On 7-okt-2005, at 10:28, marcelo bagnulo braun wrote:

In CUD, each time there is an idle period, 2 packets are generated, one in each direction.
In FBD, each time there is an idle period, i packet is generated

Not sure I like either one of these options. Preferrably, the probing frequency would depend on whether you have something to send or not. For instance, if we don't have any payload packets to send, the frequency = n and if we do have
packets to send, it would m, m << n.

In CUD, if we have nothing to send we don't probe either.

In FBD, the situation where we have nothing to send (but we do receive packets from the other end) is exactly the situation where we need to send keepalives to let the other side know we're still there.

If you combine this with the ULP feedback
and packet reception in CUD, we have a mechanism that normally does not need extra probes during traffic and which generates a very small amount of traffic
when its idle.

Both FBD and CUD are quiet when the session is idle in both directions.

- an endpoint that is sending but not receiving in CUD will result in an additional overhead of 2 signaling packets one in each direction periodically , while, - an endpoint that is sending but not receiving in FBD will result in an additional overhead of 1 signaling packet in the incoming direction periodically

Right.

I think we can assume that an optimized Shim6 implementation gets ULP feedback.
NUD needs it anyway, so its not a big assumption.

Maybe there will be some sort of feedback, but I'm not convinced it will help us all that much. AFAIK, NUD results in a significant number of additional neighbor solicitations.

However, I want to reiterate something I talked about earlier:

Rather than choose CUD or FBD and expect vendors to implement this correctly, we can define the probing such that it gives implementers maximum flexibility. This has the advantage that we don't have to spend large amounts of brainpower coming up with the perfect solution before there is operational experience, and that implementers can begin with something simple and extend it later.

The idea is that we basically specify CUD as the basic approach. So first of all, when there is no outgoing traffic, nothing happens. Also, in the presence of positive ULP feedback nothing happens. When there is outgoing traffic but no positive feedback, the shim layer periodically sends out a probe. The other end sends back a reply when it sees the probe.

So far so good.

But in order to optimize for the situation where there is no ULP feedback and to reduce the number of probes, a host may indicate that it supports two additional capabilities in the probe:

1. That if the other end sees our traffic, it may send a "probe reply" without having received a probe first at X second intervals for Y probes or seconds.

2. That if the other end sent any other type of packet in the last Z seconds, it may suppress the probe reply.
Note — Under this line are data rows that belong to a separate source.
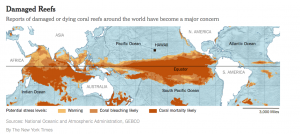 Source: NOAA, GEBCO as published in The New York Times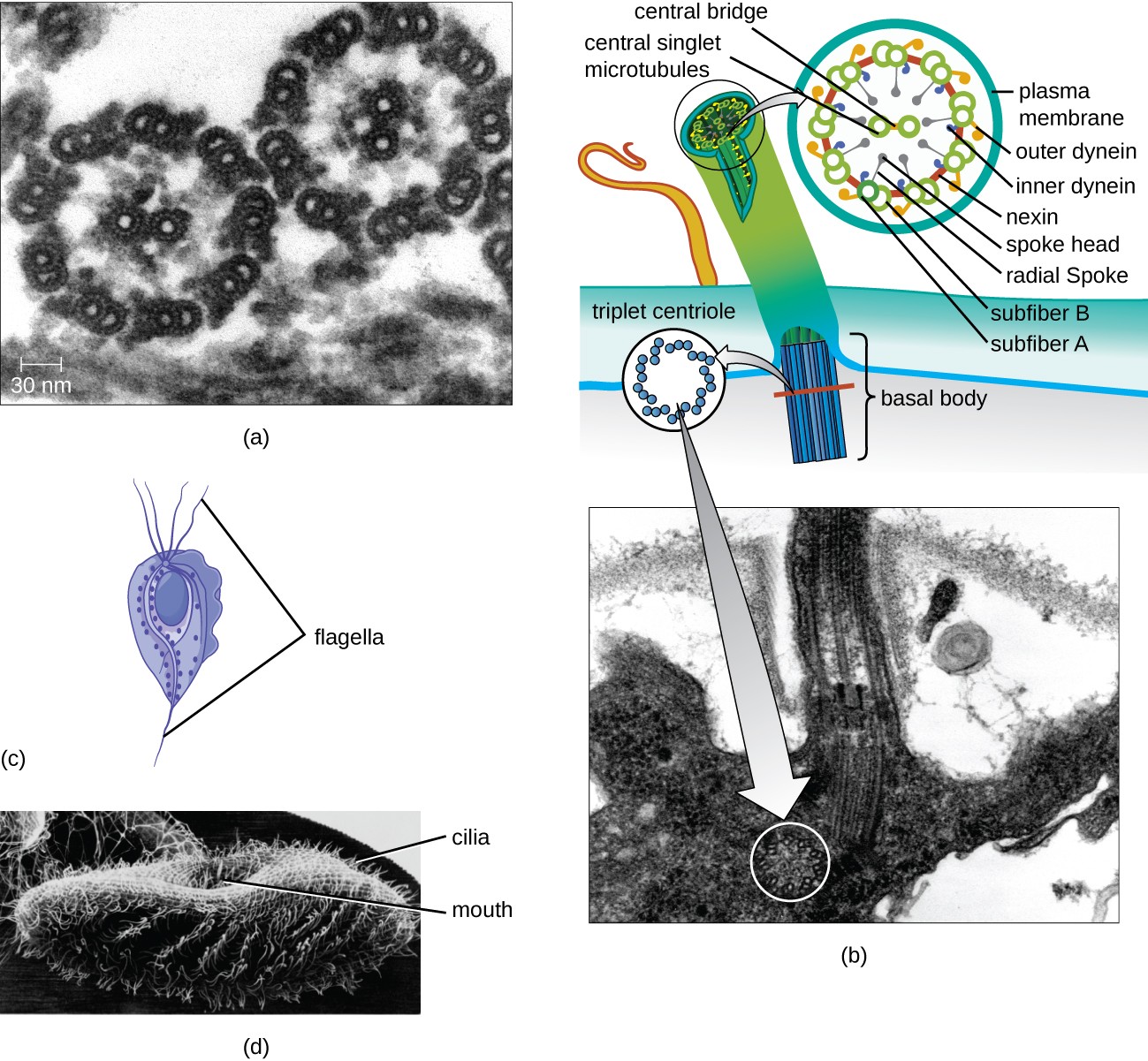 a) A micrograph of a cross section of a flagellum showing a ring of 9 sets of structures that are made of smaller rings. In the center are two more complete smaller rings. B) A micrograph showing a flagellum. This shows a star shaped structure in the cell attached to the long lines that make up the filament of the flagellum. A diagram shows the triplet centriole in the cell as part of the basal body that attaches the filament to the cell. The diagram also shows a cross section of the filament. The outer ring is made of 9 sets of the following: a ring labeled subfiber A, a ring labeled subfiber B, a projection labeled radial spoke with a small end labeled spoke head, a projection towards the center labeled inner dynein, and a projection towards the outside labeled outer dynein. Each of these 9 sets are connected to the ones next to it via a line called nexin. These 9 sets form a ring; in the center of this ring are 2 small circles labeled central singlet microtubule. These two are attached to each other by a line labeled central bridge. C) A cell with flagella on either end. D) A cell with many small cilia along the outside and an indentation labeled mouth.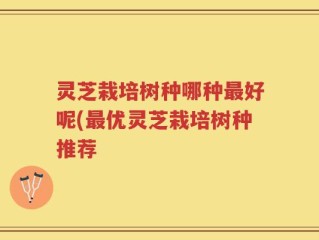 灵芝栽培树种哪种最好呢(最优灵芝栽培树种推荐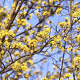 Cornus mas 'Widubowskij' 80-100 cm 10L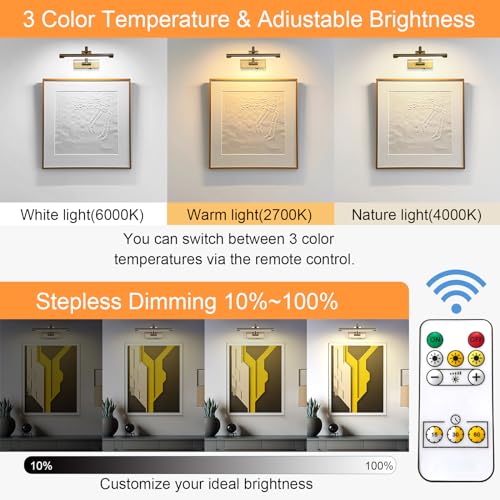 Brass Finish Rechargeable Picture Light with Remote Control, 12 Inch Adjustable Art Lighting
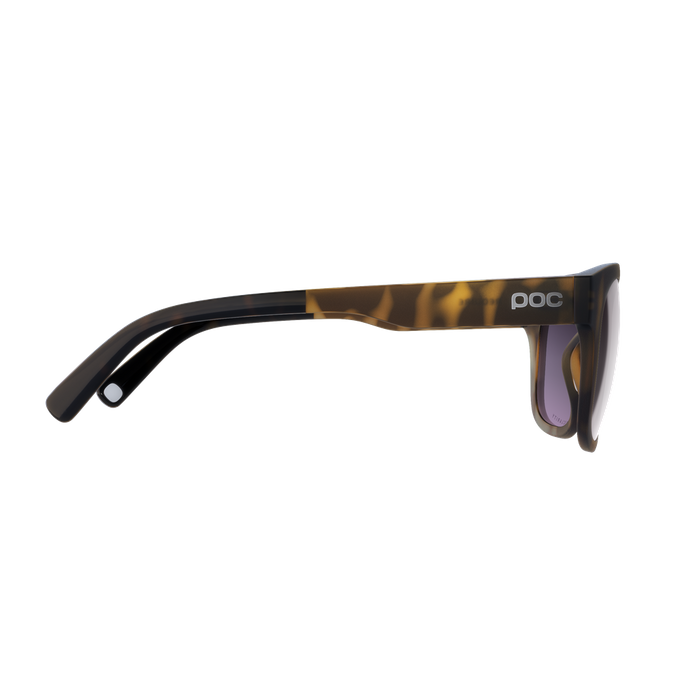 Sonnenbrille POC Require Tortoise Brown - 2024/25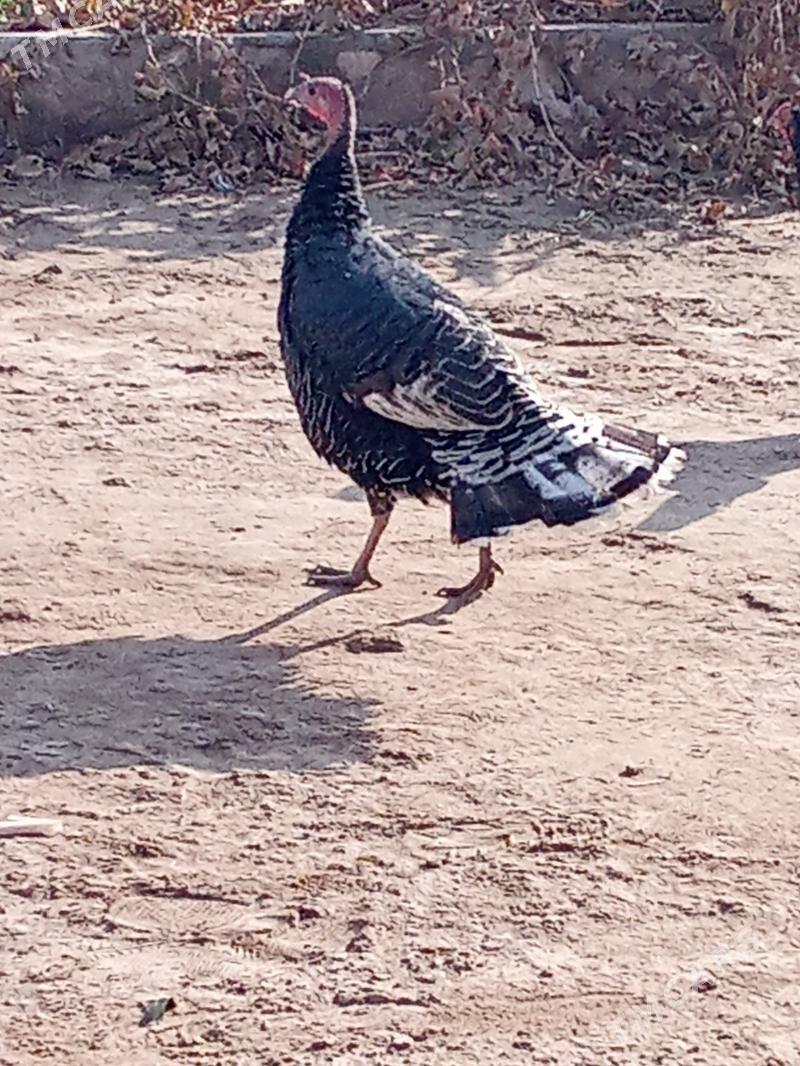 İnduk - Достлук - img 4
If both ends support both these options this effectively means they'll switch to FBD for some time. (Timeout is probably a good idea to keep broken implementations from sending unsolicited probes for all eternity.) However, if one end doesn't support one or both of the additional capabilities nothing happens and we're still at CUD.

So basically this is CUD with the option of moving to FBD later. This makes sense unless we can be more or less absolutely certain we either never need to move to FBD, or that FBD is at least as good and probably better than CUD. Without having done any IP stack programming I believe that CUD (possibly with fairly limited ULP advice) is easier to implement while FBD is probably more efficient.

I assume we can arrive at a decision on this after some discussion this weekend.